Overall, despite the continuous advancement of ship target detection technology driven by deep learning, several challenges remain unresolved. Firstly, ships in real SAR images exhibit remarkable diversity; owing to variations in their types and configurations, substantial discrepancies exist in their sizes and aspect ratios. Accurately detecting and accentuating the intrinsic features of ships thus remains a critical challenge. Secondly, SAR images inherently exhibit speckle noise, which is an unavoidable consequence of the SAR imaging process. In intricate settings, reduced visibility of tiny objects is frequently caused by sea clutter and speckle noise, impairing detection precision. Existing ship detection methods suffer from two key limitations: insufficient capability to detect multi-scale targets and vulnerability of target features to distortion during the image feature extraction process. To tackle these issues, this paper presents an enhanced YOLOv11-based ship detection method named YOLO-Partial Feature Aggregation (YOLO-PFA), specifically designed for SAR ship detection scenarios in complex marine environments. The main contributions of this study are outlined as follows:

(1): To address the limitations of YOLOv11 in managing targets of varying scales—such as inefficient multi-scale feature fusion, inadequate adaptive balancing of cross-layer feature contributions, and suboptimal detection of small objects—this study incorporates the Bidirectional Feature Pyramid Network (BiFPN) [22]. BiFPN utilizes bidirectional connections to facilitate efficient information flow across multi-resolution feature maps, along with an adaptive weighting strategy that dynamically prioritizes salient features, thereby enhancing multi-scale fusion. These mechanisms significantly improve the capture of details for small objects, ultimately leading to enhanced detection accuracy and robustness for YOLOv11.
(2): To resolve the issue in ship detection where misalignment between classification and localization tasks makes their joint optimization difficult, this study integrates Depthwise Separable Convolution with Group Normalization (DSConv_GN) into the Task-aligned Dynamic Detection Head (TADDH) [23], proposing an enhanced Dynamic Alignment Detection Head (DADH). This module dynamically selects discriminative features critical for both tasks in complex marine scenarios, thereby improving detection accuracy across ship types and scales. Additionally, DSConv_GN mitigates overfitting and reduces computational overhead.
(3): To address low detection accuracy caused by large-scale variations and heavy background clutter in ship detection, the C2f-Partial Feature Aggregation (C2f-PFA) module is proposed. It extracts multi-scale features via varied convolutional kernels and fuses raw and processed multi-scale features to strengthen comprehensive ship feature expression. Integrating 1 × 1 convolution and residual connections further refines key features, reduces information loss, and alleviates gradient vanishing.
(4): Experiments on the public iVision-MRSSD ship dataset evaluate the impact of the proposed modules. Results show the improved YOLO-PFA achieves a mAP@0.5 of 95%, outperforming YOLOv11 by 1.2% and YOLOv12 by 2.8%.

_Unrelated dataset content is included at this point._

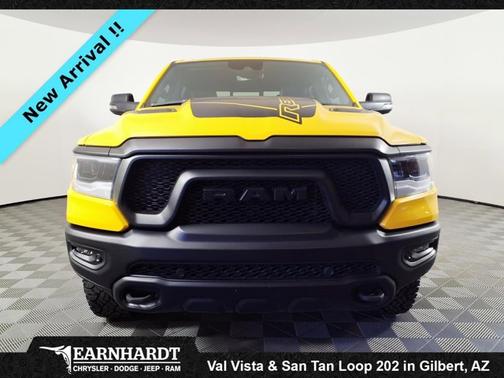 Baja Yellow Clearcoat 2023 RAM 1500 Rebel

The structure of this paper is as follows. Section 1 is the Introduction, which elaborates on the research background and significance of ship detection, analyzes the limitations of traditional methods and the advantages of deep learning, reviews the status of relevant research, points out existing problems, and proposes the YOLO-PFA model and research contributions. Section 2 is the Related Works, which summarizes existing research and identifies problems to be solved from three aspects: the evolution of SAR ship detection technology, multi-scale feature fusion, and detection head structure innovation. Section 3 is the Methodology, which introduces the design of the three core optimization modules of the YOLO-PFA model. Section 4 is the Experiments and Results Analysis, which verifies the effectiveness of each module and the overall performance of the model through experiments. Section 5 is the Conclusions, which summarizes the research results, analyzes the advantages and limitations of the model, and looks forward to future directions.

2. Related Works

This chapter systematically organizes and reviews existing research from three core directions closely related to this study: First, it reviews the evolutionary process of Synthetic Aperture Radar (SAR) ship target detection technology from traditional machine learning to deep learning, and analyzes the advantages and limitations of different methods. Second, it focuses on multi-scale feature fusion, a key technology for improving target detection performance, and expounds on the development context and design ideas from early image pyramids to modern Feature Pyramid Networks (FPN) and their improved algorithms. Finally, regarding the target detection head—a core module that directly affects prediction results—it sorts out the structural innovations of detection heads represented by the YOLO series, especially the adaptability of anchor-free designs and decoupled head optimizations to ship detection tasks. By summarizing relevant work, this chapter clarifies the progress of current research and the problems to be solved, laying a theoretical foundation for the subsequent proposal of a more optimized SAR ship target detection scheme.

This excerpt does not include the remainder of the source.